Pulmotype was initially developed in a study in which AGI applied its lung 'Panel of Diversity' to a 550 patient cohort of lung cancer specimens from the Clearview Cancer Institute of Huntsville, AL. This protein expression dataset was used to identify markers with a significant association for discriminating adenocarcinoma from squamous cell carcinoma histology. These markers were used in turn to derive a linear model that combines results for selected squamous markers (SLC7A5, CK5/6, TRIM29) with adenocarcinoma markers (MUC1, CEACAM5) into a weighted classifier for distinguishing adenocarcinoma from squamous cell carcinoma.
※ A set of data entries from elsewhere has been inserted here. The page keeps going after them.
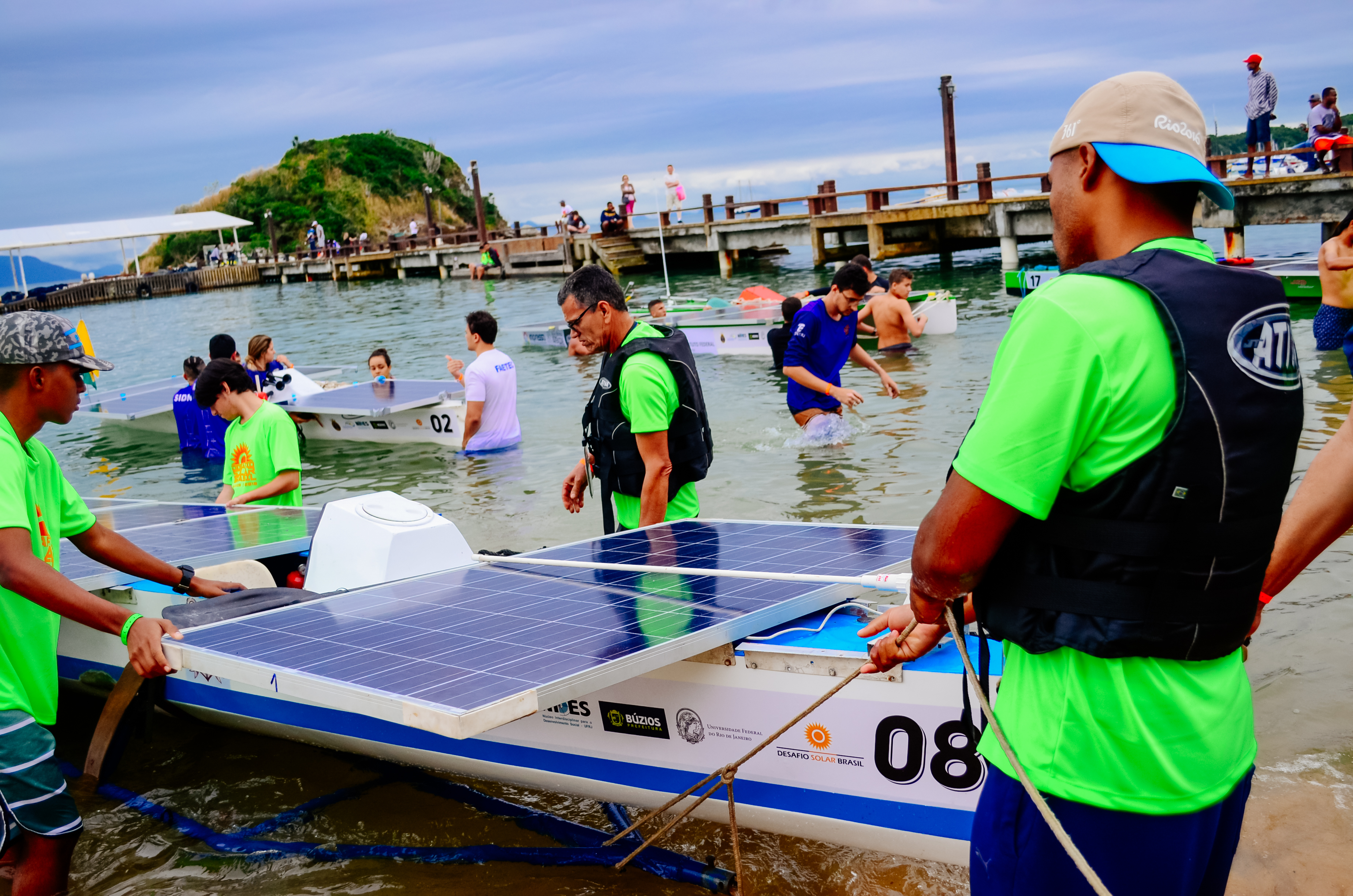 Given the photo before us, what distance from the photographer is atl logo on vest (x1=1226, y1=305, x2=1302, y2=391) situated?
1.62 meters

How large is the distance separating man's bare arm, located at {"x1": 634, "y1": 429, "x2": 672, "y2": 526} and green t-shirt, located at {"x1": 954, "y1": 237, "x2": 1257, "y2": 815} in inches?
114

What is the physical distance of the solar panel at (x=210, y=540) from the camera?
5027 millimetres

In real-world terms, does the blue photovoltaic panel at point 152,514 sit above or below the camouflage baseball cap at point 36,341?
below

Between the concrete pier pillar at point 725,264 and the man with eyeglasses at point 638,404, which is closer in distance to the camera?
the man with eyeglasses at point 638,404

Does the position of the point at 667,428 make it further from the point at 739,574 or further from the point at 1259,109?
the point at 1259,109

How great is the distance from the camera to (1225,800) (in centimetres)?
182

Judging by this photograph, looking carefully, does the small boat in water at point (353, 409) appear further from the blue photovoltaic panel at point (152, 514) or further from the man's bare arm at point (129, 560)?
the man's bare arm at point (129, 560)

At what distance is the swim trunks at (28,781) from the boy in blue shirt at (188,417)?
1069 centimetres

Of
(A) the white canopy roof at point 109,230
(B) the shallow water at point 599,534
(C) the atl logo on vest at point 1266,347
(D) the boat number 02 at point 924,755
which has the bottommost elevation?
(B) the shallow water at point 599,534

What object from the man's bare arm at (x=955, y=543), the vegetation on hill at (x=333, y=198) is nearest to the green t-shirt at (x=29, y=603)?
the man's bare arm at (x=955, y=543)

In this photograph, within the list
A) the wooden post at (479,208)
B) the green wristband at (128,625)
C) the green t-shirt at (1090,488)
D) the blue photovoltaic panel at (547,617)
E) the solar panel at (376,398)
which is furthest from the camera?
the wooden post at (479,208)

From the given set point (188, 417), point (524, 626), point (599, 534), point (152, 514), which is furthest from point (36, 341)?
point (188, 417)

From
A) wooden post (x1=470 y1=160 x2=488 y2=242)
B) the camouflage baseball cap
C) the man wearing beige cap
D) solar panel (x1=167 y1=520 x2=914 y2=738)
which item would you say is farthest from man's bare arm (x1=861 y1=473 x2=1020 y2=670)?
wooden post (x1=470 y1=160 x2=488 y2=242)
In order to test the association between histological type assignment by our five antibody Pulmotype test and a pathologist’s morphological assessment, three independent lung carcinoma tissue array cohorts comprising 1,111 samples in total, assembled at separate institutions (The Cleveland Clinic Foundation, Universitätsspital Zürich, and Invitromed), were stained with the Pulmotype test. In these three independent cohorts, the classification of tumors by the five antibody test was strongly associated with pathologist morphologic assessment. We also tested Pulmotype against a commonly used 2-marker panel of TTF-1 and TP63. Both Pulmotype and TTF1/TP63 panel had similarly low misclassification rates on the validation cohorts. However the percentage of patients remaining unclassifiable by TTF1/TP63 was twice that of Pulmotype. In clinical practice this result is significant because, for example, the therapy Avastin is given to only those NSCLC patients who have been classified with a non-squamous histotype.
The results of these studies, initially published via poster at ASCO-NCI-EORTC 2008 and recently published in Modern Pathology, suggest Pulmotype may have an immediate role in the clinic for helping pathologists distinguish lung carcinoma histological types. The results also suggest that, if validated in prospectively defined clinical trials, this classifier might identify candidates for targeted therapy that are over-looked with current diagnostic approaches.